Why does Africa not have clean water?
Africa has the most: 5 amazing facts about water
On World Water Day: 5 amazing facts about water in Africa
Water is life. And theoretically there is more than enough of this elixir of life for everyone worldwide. The problem: By far not everyone can simply turn on the tap and it starts to bubble. According to the UN Water Report, 2.1 billion people worldwide have no access to potable and continuously available drinking water. According to this, two thirds of the world's population even lives in areas that are affected by water scarcity for at least one month a year. This also includes people in sub-Saharan Africa, such as Ethiopia. Did you think so? Then we have five more facts about World Water Day on March 22nd that you may not have known about water and Africa.
1. Water abundance and water shortage in Africa
Given the water scarcity in many African countries, one can quickly get the idea that there is generally too little water in Africa. The opposite is the case: Africa is the continent with the largest aboveground, non-frozen water resources. Large rivers such as the Nile, Congo and Niger contribute to this, as do 677 African lakes. The largest of them, Lake Victoria in East Africa, is almost as large as Bavaria in terms of area alone.

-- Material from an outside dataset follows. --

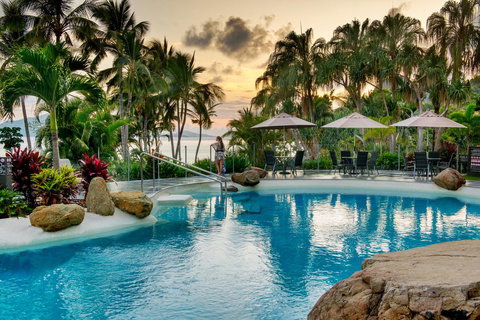 Whitsunday Apartments - Food Delivery Shop 2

So enough water for all Africans? Not at all. The big problem is access to clean drinking water. The water from rivers and lakes is polluted, contaminated with germs and pathogens and also distributed very unevenly. In rural regions in particular, water points are often miles away. In Ethiopia, women and children sometimes spend several hours a day fetching water.

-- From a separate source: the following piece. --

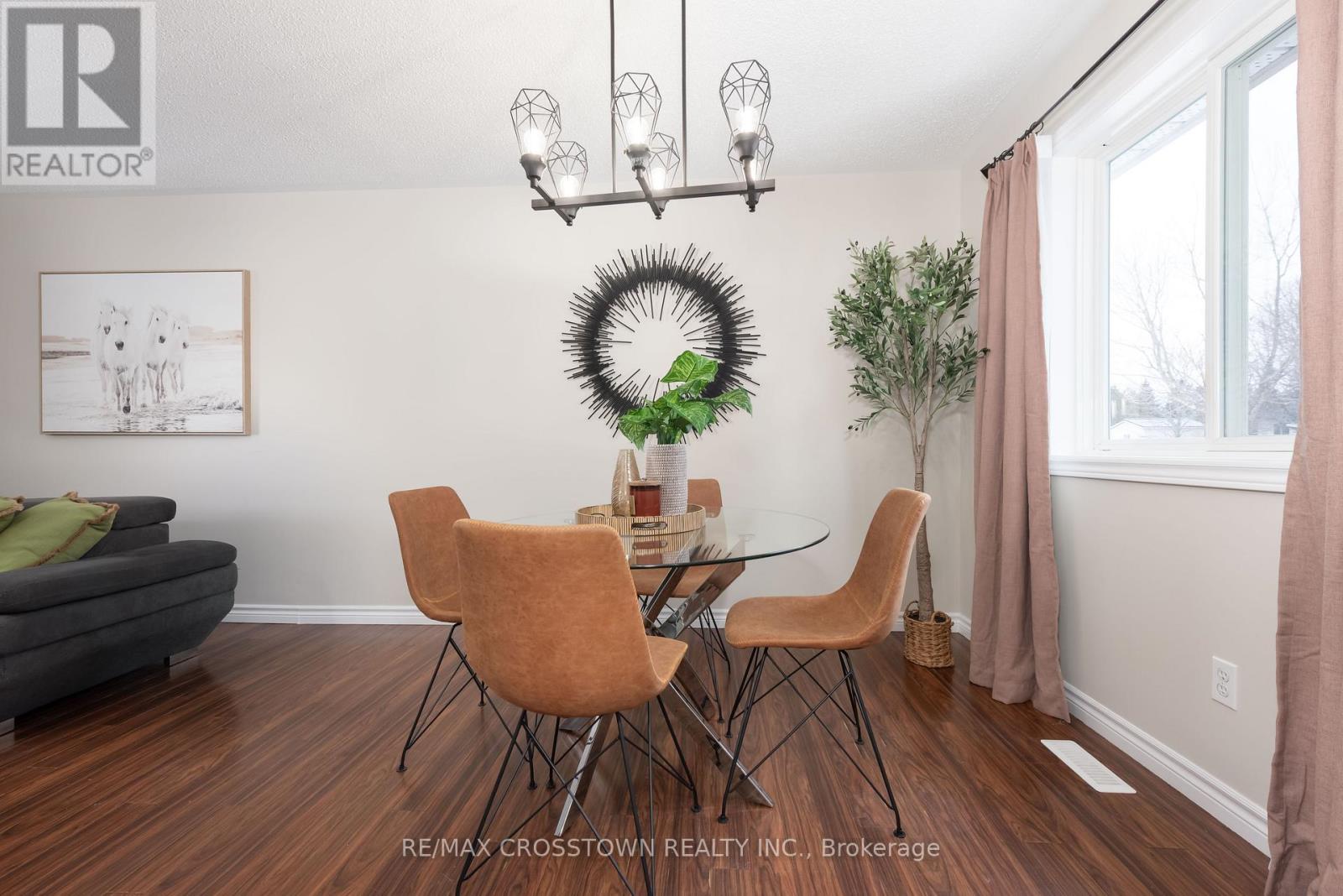 54 FOYSTON PARK CIRCLE - 9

One solution to the water shortage can be groundwater. According to calculations, Africa has 600,000 cubic kilometers of groundwater, which is around 30 times the amount of precipitation that falls on the entire continent in a year.
This occurrence also makes use of People for peopleto build hand pump wells and municipal water supply systems. Over a million Ethiopians now have access to clean drinking water through these measures.
2. Water consumption in Germany and Ethiopia: full bath vs. short shower
According to the United Nations, at least 50 liters of water per day and person are necessary to satisfy basic needs, avoid diseases and maintain productivity.
Every German consumes an average of 121 liters of water every day. This is roughly the capacity of an average bathtub. If you add the water that industry uses to produce goods, for example, an average German consumes around 4,000 liters a day.
An Ethiopian has an average of 25 liters of water a day, in rural regions it is sometimes only five to ten liters. That is roughly the amount of water that we use in a half-minute shower.
3. Lack of water hits the weakest first
Those who only have a few liters of water available a day are most likely to save on personal hygiene. First and foremost, this has negative consequences for the weakest in society: children.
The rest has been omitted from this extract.